Yeah, I'm going to have to buy this book. When you are highlighting paragraph after paragraph until half the book is bookmarked, it's time to accept the inevitable. Besides, I can't take everything in with only one read.
Each chapter discusses a particular game teachers or educations are experimenting with. In all cases I've read so far, the results are really promising. My favorite so far as been Classcraft.
"...inspired by World of Warcraft, he created what were essentially mini-guilds in each class. Every team member would play as one of three archetypal roles-warrior, healer, or mage. Each role held different powers and vulnerabilities, but every team needed at least one of each. He built a bare-bones game that was more Excel spreadsheet than anything else. He also renamed the teacher 'the game master.' Young called his invention Classcraft..." (p. 71)

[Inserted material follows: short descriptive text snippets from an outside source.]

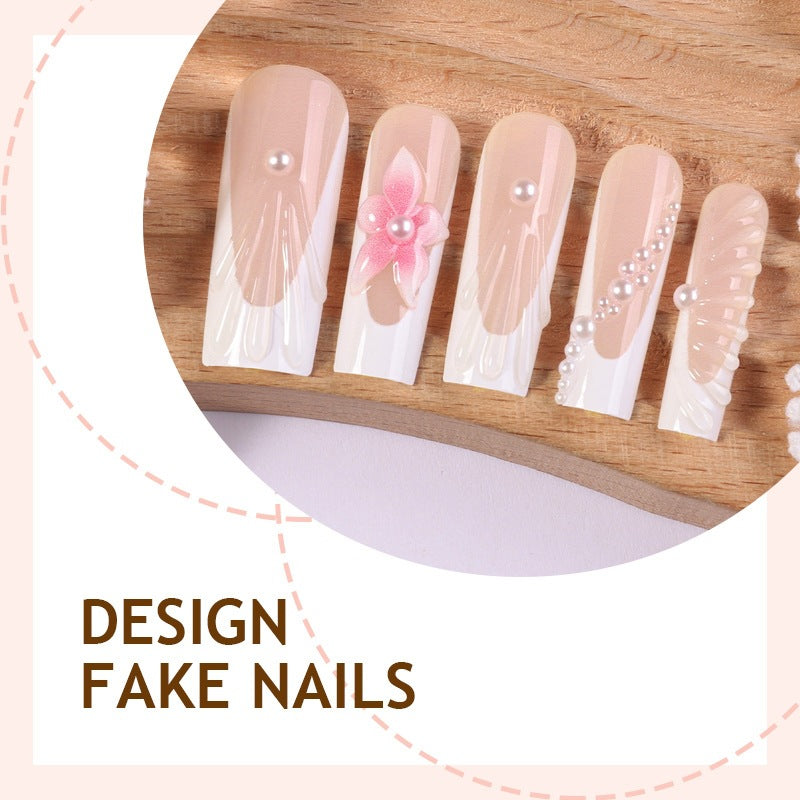 Artificial nail set with elegant flower and glamour decorations Stornfield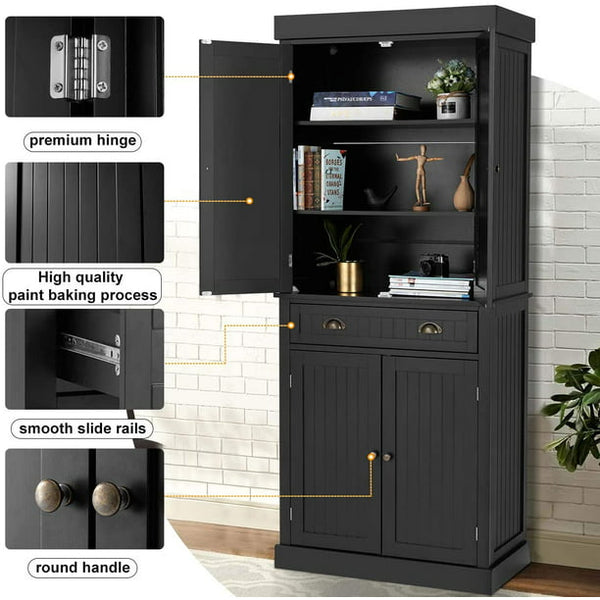 Erommy Kitchen Pantry, 72” Freestanding Storage Cabinets ,black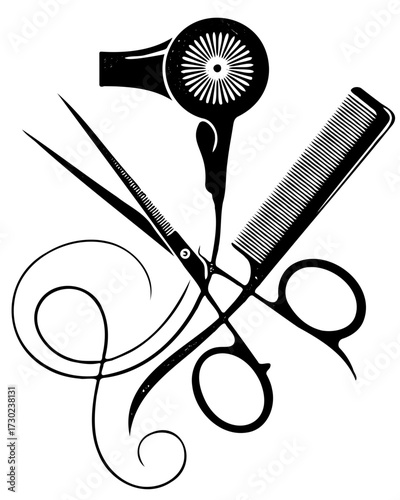 Barbershop hair  salon scissors and comb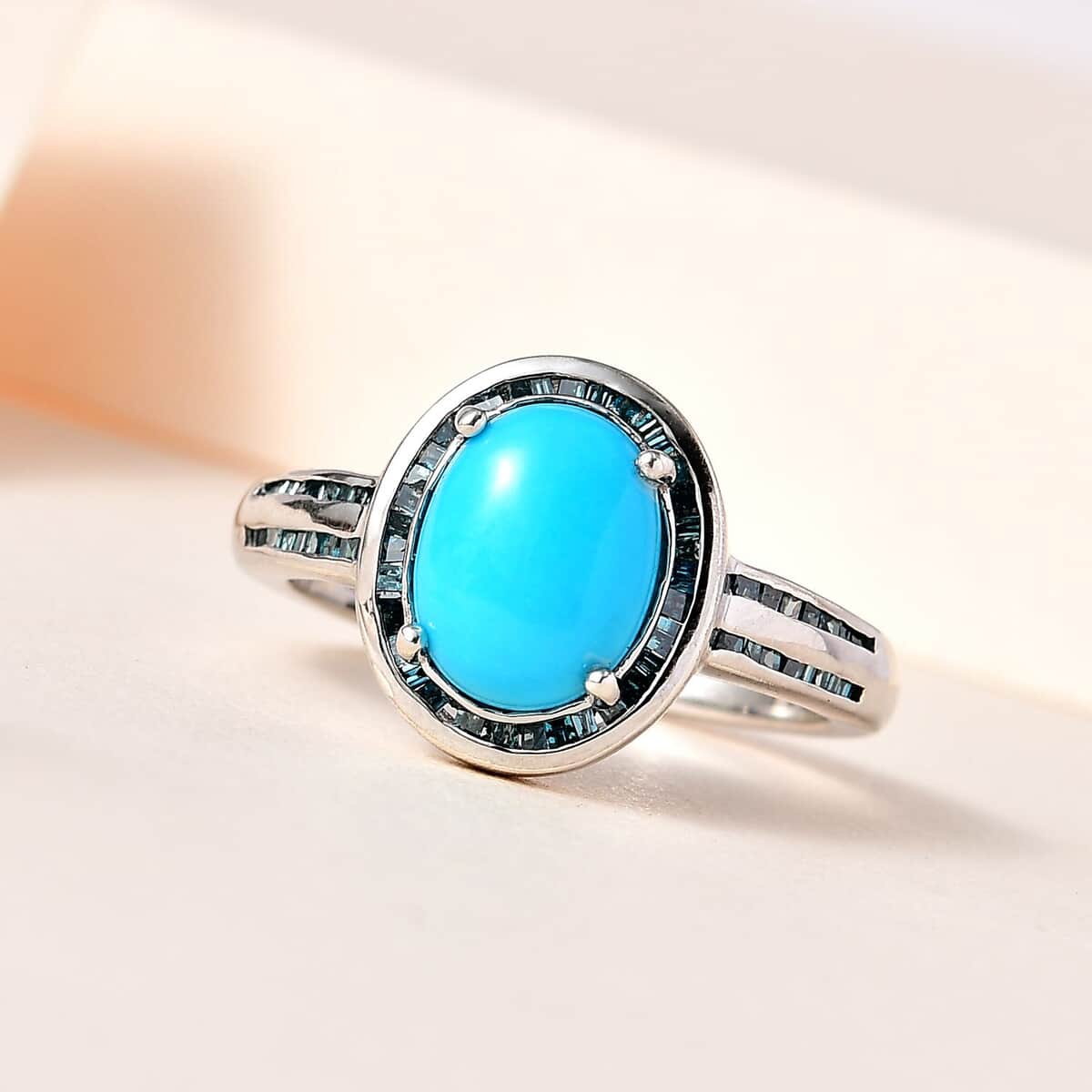 Sleeping Beauty Turquoise and Blue Diamond Halo Ring in Platinum Over Sterling Silver (Size 7.0) 1.90 ctw image number 1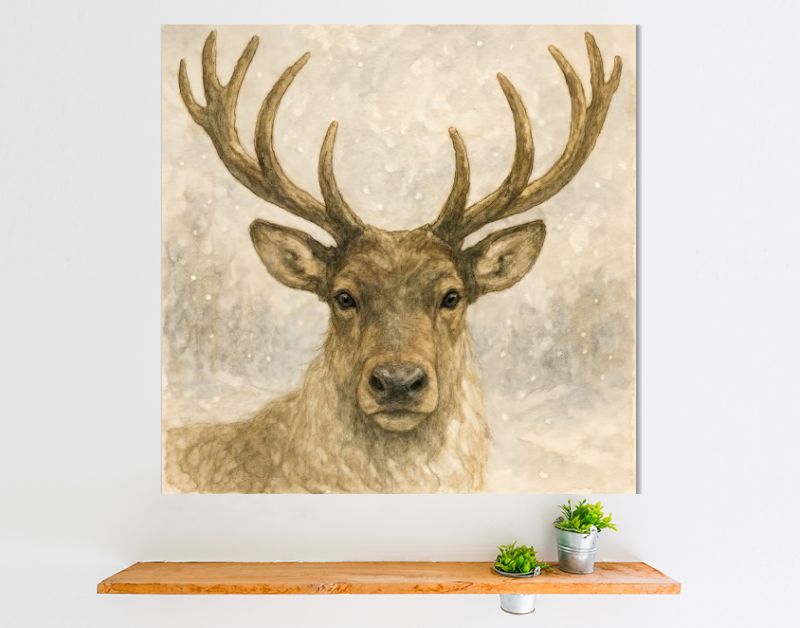 Edelhert met imposant gewei in de sneeuw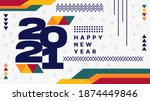 happy new year 2021 banner... | Shutterstock .eps vector #1874449846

"...Young said most adults don't understand how strongly kids feel the need to be part of a group, fighting together for a common cause. In that sense, letter or percentage grades 'are horrible as general motivators'...Classcraft, he hoped, would help break the cycle. As kids level up, they actually pay less attention to grades and more attention to keeping their team alive. Part of what makes it successful is that the game's rewards and penalties have real meaning for students." (p. 73)
"Virtually all the teachers using it said it increased student engagement and fostered constructive, collaborative behavior in class.
Along the way, his students came up with the idea of the Random Event. Simply put, they wanted another layer to the game that made stuff happen each day in class, something weird and wonderful and totally non-negotiable, something not controlled by the teacher. 'I said, "OK, let's have stuff happen."' He had them draw up a list, which soon grew to around 300 ideas. His only guideline was that each one had to be able to take place that day. For each pleasing event there had to be a corresponding displeasing one. He especially remembers one cold Canadian February morning when the game randomly ordered him to throw open the classroom windows. ...It also added another layer of tension that got kids to sit up straight. If the teacher respects it, the kids will get behind it." (p. 73)
I won't bore you with all the game theory in here as well. The game layer, etc. has made me consider just why some games work for me and others don't.